Implementation checklist
If Microsoft support is the question, the answer is yes. If production reliability is the question, the answer is this checklist. I would not ship RFC 8058 support until every item is true in a real received message.
RFC 8058 readiness
Use these bands to decide whether a Microsoft test failure is a header issue, an endpoint issue, or a UI expectation issue.
Ready
Ship
Both headers exist, DKIM covers them, POST works, and GET is harmless.
Needs work
Fix
Headers exist, but DKIM coverage, token parsing, or GET handling is incomplete.
Unsafe
Block
GET unsubscribes users, tokens sit only in POST body, or headers are unsigned.
- Headers: Include one List-Unsubscribe header with an HTTPS URL and one List-Unsubscribe-Post header.
- DKIM: Sign both unsubscribe headers and confirm the received message still has a valid signature.
- Endpoint: Accept POST, parse the URL token, unsubscribe immediately, and return a success response.
- GET: Show a confirmation page or do nothing, because automated systems fetch URLs.
- Logging: Record enough request detail to prove Microsoft reached the endpoint without storing sensitive data.
A clean Microsoft test is useful, but it does not replace broader domain checks. If a sender is failing SPF or DKIM elsewhere, a one-click header can be correct and still get inconsistent treatment. Use a domain health check before blaming the unsubscribe endpoint.
Views from the trenches
Best practices
Put the recipient and list token in the HTTPS URL, not in the one-click POST body.
Sign both unsubscribe headers with DKIM so mailbox providers fully trust the request.
Treat GET requests as previews or confirmations, never as automatic unsubscribe events.
Common pitfalls
Expecting Microsoft to send the subscriber ID in the POST body breaks working flows.
Sending an HTTPS List-Unsubscribe URL without RFC 8058 causes scanner-like requests.
Assuming the Outlook unsubscribe control appears for every valid message creates alarms.
Expert tips
Log method, path, query string, user agent, and status for every unsubscribe request.

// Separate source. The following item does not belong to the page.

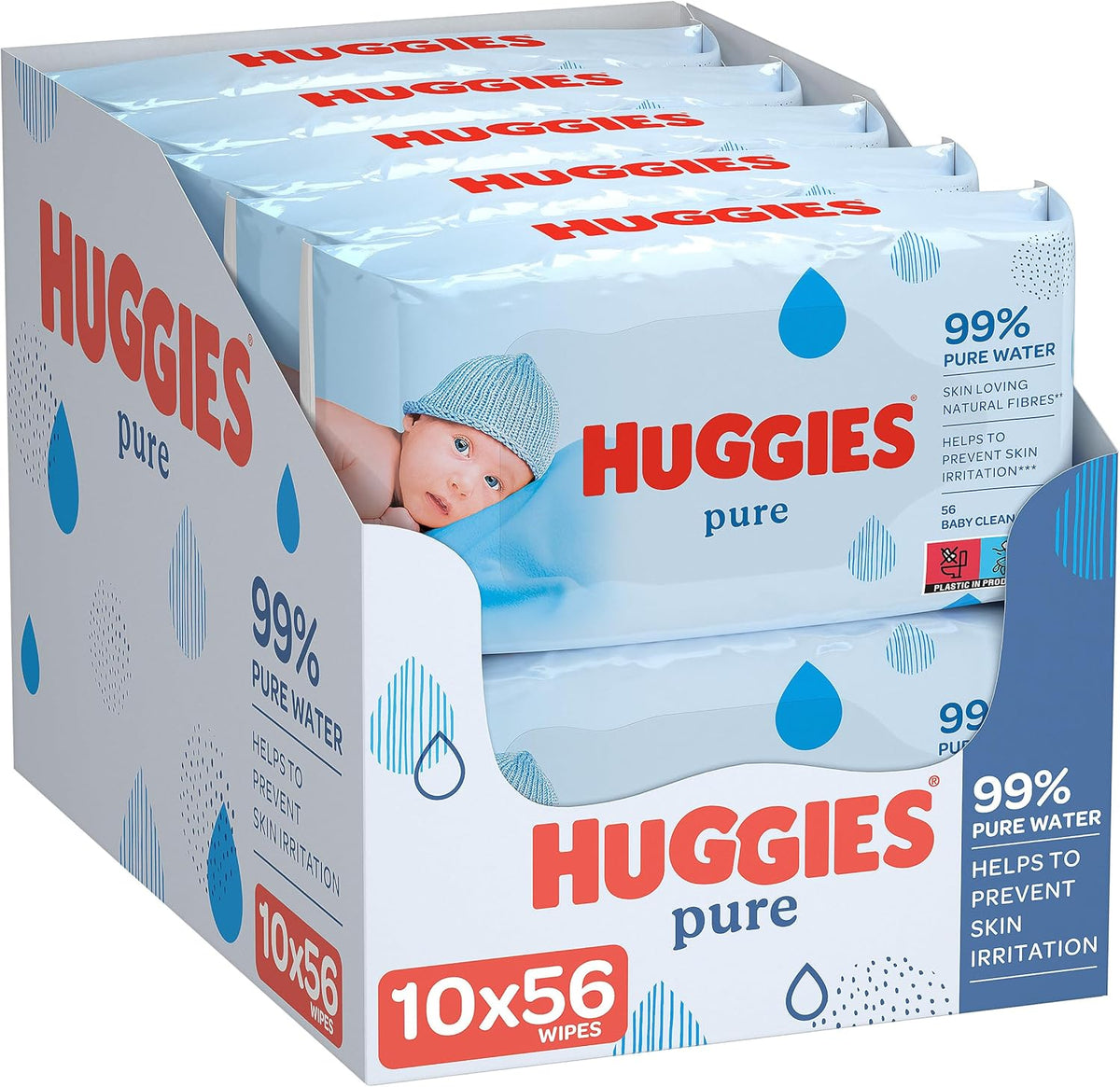 Huggies Pure Wipes 10x56 Refill Bags. Bulk Carton. 560 Wipes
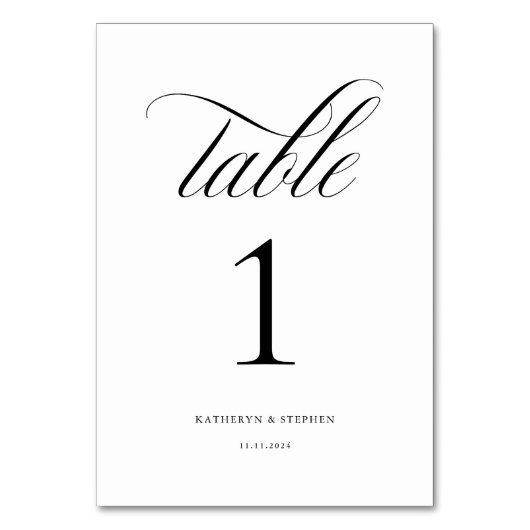 Klassieke kalligrafie Elegant Wedding Table Number Kaart (Voorkant)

Accept the exact one-click body, but base the unsubscribe decision on the URL token.
Test mailto and HTTPS options separately because clients choose fallback paths differently.
Expert from Email Geeks says Microsoft can send an RFC 8058 POST when the headers are valid, so a failed test should start with endpoint parsing and DKIM coverage.
2023-10-23 - Email Geeks
Marketer from Email Geeks says the Outlook unsubscribe control is not always obvious in the user interface, so absence of a button is not enough proof that the headers failed.
2023-10-23 - Email Geeks
The practical answer
Microsoft does support RFC 8058 List-Unsubscribe-Post, but the implementation has to match the RFC. The unsubscribe URL carries the recipient and list identity. The POST body carries the standard one-click signal. The endpoint removes the subscriber on POST and avoids removal on GET.
The visible Outlook button is useful evidence, not the only evidence. I trust the received headers and endpoint logs more than the UI. If Microsoft sends a POST to the encoded unsubscribe URL and your server processes it safely, the Microsoft side of list-unsub-post is working.